In a book whose authors “imagine a future that isn’t quite real, created by a technology that delivers a reality that isn’t quite real, so [that] we can talk about where we are now” (p. 46), the possibilities for interpretation and criticism increase exponentially. I shall profit from my erased and overloaded emotions and from a techno‐sensory overstimulation to continue this review in, at least, two different ways. That is, even if we are used to stories, knowledges and ways of thinking which develop in a unique sense (given some initial rationale), here we are entering a world in which nothing is fixed, nothing is “accomplished” and the proliferation of alternative understandings and meanings is intrinsically part of every (post)human interaction.

One

What is meant by discussing “cyberculture”, “anarcho‐materialism”, “post‐human pragmatism”, “speed‐politics”, in a word “cyberpunk”?

The question is difficult to answer unequivocally. The term “cyberpunk” has literary, artistic, philosophical and political connotations. Yet the feature is shared by the authors (or cyborgs) who assume the label is their intimate and (cyber)erotic relationship with technology. Walkmen, video recorders, camcorders, high definition televisions, telexes, personal computers, satellite dishes, plastic surgery, optic fibre cables: all these create an all‐embracing semiotic network, the merging of the world‐system into “a global nervous system which thinks for itself” (Sterling, 1986). The commodity‐consumption system as a whole covertly but decisively underpins the constitution of meaning in cyberpunk literary output (scientific, artistic, political, or whatever). The relationship with machines is not viewed as harmful, ineluctable, to be dodged. The Orwellian vision has faded, Frankenstein is a distant memory of modernity. The cyber presupposes a new, organic relationship with technology. It extends human capabilities beyond their physical limits. No mortal wound will frighten the mankind of the proximate future: neurosurgery and synthetic reason will implant new organs and synapses in bodies today destined for the junkyard.

Two

Cyberpunk is a vacuous as well as conceited experiment. It is essentially a techno‐urban script pieced together from science fiction/social criticism and every genre of science fiction amid post‐situationist technocultural fragmentation: the new architecture of entropy. A wall of words and a babble of language. Cyberpunk is neither mediocre nor superlative, it is “total”: a hotchpotch of fictions stolen from the proximate future in the search for a strategy to feel at ease in a reality driving itself towards experiential slippage into the virtual technologies of the near future. The real lapses into representation, and feedback is a white noise of new punctiform mediations in the substrate of the Interzone, the great error generator, where the real and the unreal exchange their meanings.

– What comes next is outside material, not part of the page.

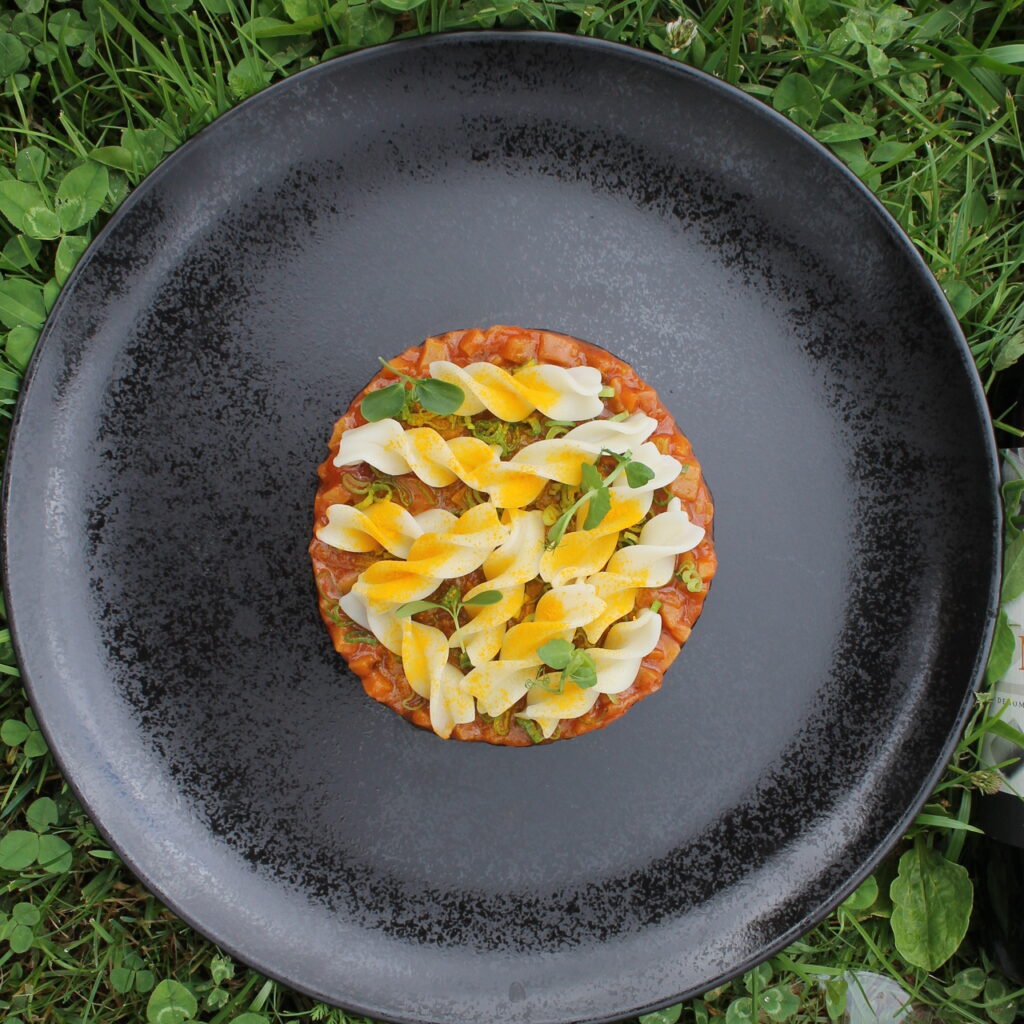 FUSILLONI DI MAIS BIANCO, RAGÙ DI JACK FRUIT, SOIA, YUZU, DI LUCA GUBELLI FUSILLONI DI MAIS BIANCO, RAGÙ DI JACK FRUIT, SOIA, YUZU, DI LUCA GUBELLI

The essays in the book set out a new situationist theory and practice of uncertain outcomes: an assemblage of “dis‐orderings” which endeavour to identify and deconstruct the “essence” of the real, but do so in an utterly fictitious and ephemeral manner. Diagnoses are made of the enormous buzzing masses of data in the semiotic web of the power network, and forecasts of credit cards for new DNA and Microsoft transplants. An existential‐Nietzschean spirit mixes with su(r)fist visions, giving rise to assertions like:

“Knowledge is freedom” is true only when freedom is understood as a psycho‐kinetic skill. “Information” is chaos; knowledge is the spontaneous ordering of that chaos; freedom is the surfing of the wave of that spontaneity (Bey, 1998, p. 7).

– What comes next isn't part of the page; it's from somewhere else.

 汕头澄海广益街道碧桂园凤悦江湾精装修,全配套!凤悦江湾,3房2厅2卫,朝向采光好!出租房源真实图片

Two ways to look at cyberpunk. For me it does not mean anything and it takes nowhere, but at least it is dialectical!

References

Benjamin, W. (1982), Das Passagen‐Werk, Suhrkamp Verlag, Frankfurt am Mein.

Leary, T. (1988), “Germs of the sixties”, Neuropolitique, p. 4.

McLuhan, M. (1964), Understanding Media: The Extensions of Man, Sphere Books, London.

Sterling, B. (1986), Mirrorshades, Ace Books, London.